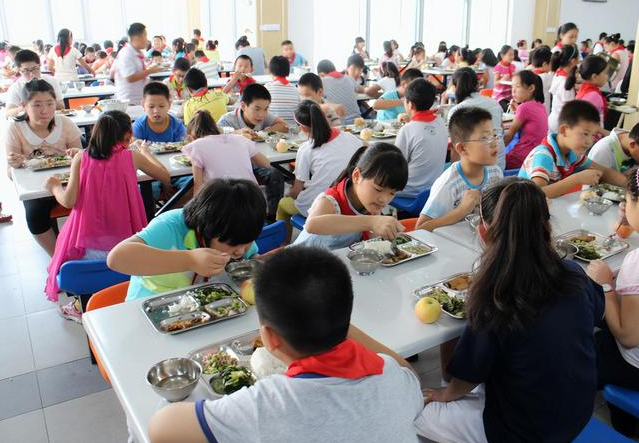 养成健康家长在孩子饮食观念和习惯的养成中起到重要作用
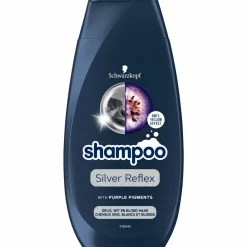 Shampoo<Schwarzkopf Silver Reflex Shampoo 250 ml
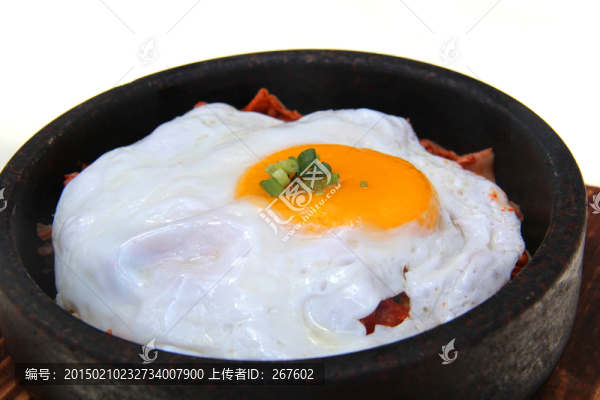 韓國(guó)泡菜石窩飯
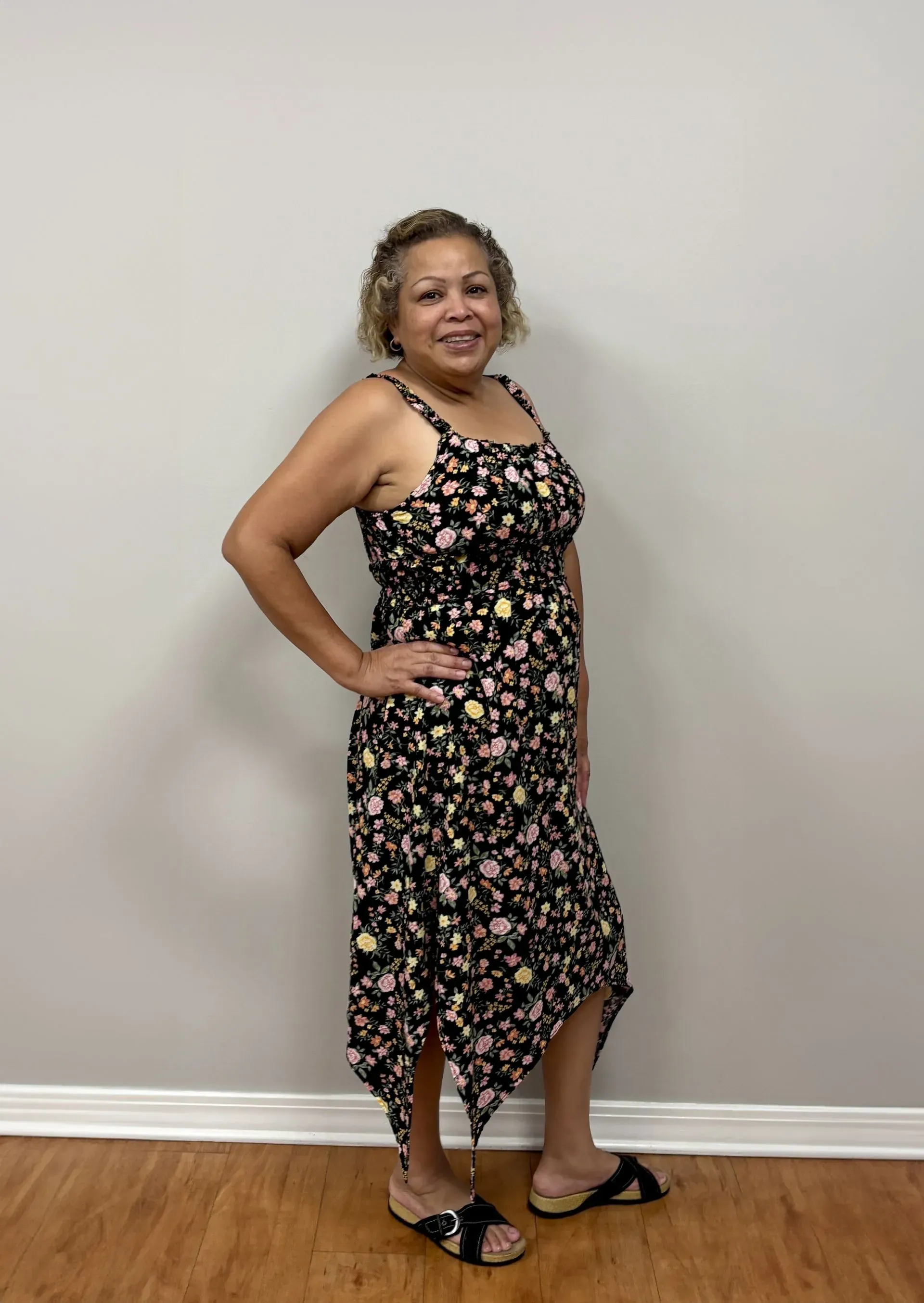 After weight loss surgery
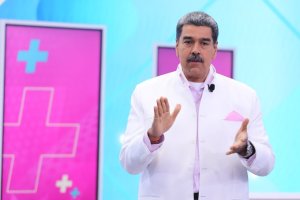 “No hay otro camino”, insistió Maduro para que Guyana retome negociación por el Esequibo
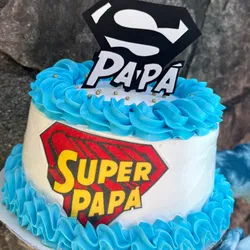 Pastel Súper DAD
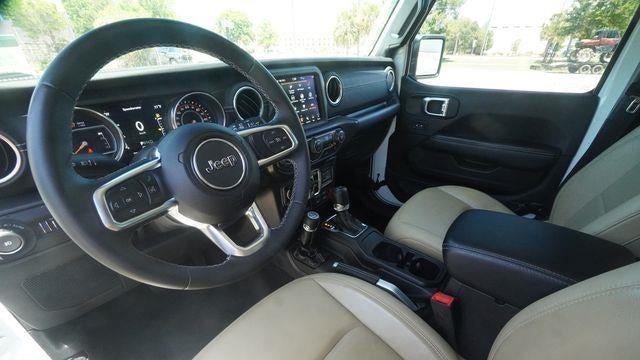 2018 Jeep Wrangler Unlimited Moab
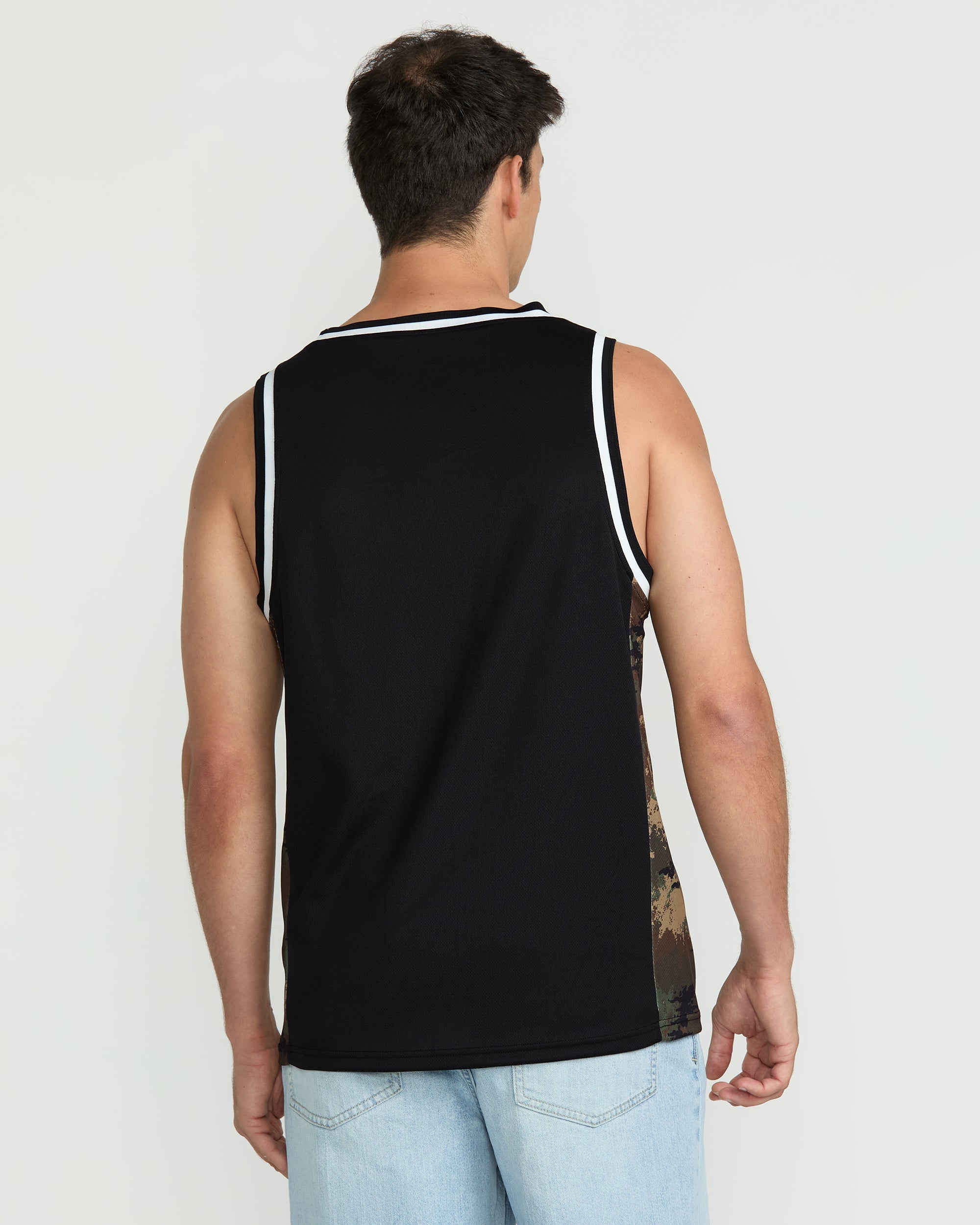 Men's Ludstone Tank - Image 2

= = =

§ **TASK INSTRUCTIONS**:
Copy out every line of the data above, taking care to leave the pictures out.

§ **RESULT**:
 养成健康家长在孩子饮食观念和习惯的养成中起到重要作用
 Shampoo<Schwarzkopf Silver Reflex Shampoo 250 ml
 韓國(guó)泡菜石窩飯
 After weight loss surgery
 “No hay otro camino”, insistió Maduro para que Guyana retome negociación por el Esequibo
 Pastel Súper DAD
 2018 Jeep Wrangler Unlimited Moab
 Men's Ludstone Tank - Image 2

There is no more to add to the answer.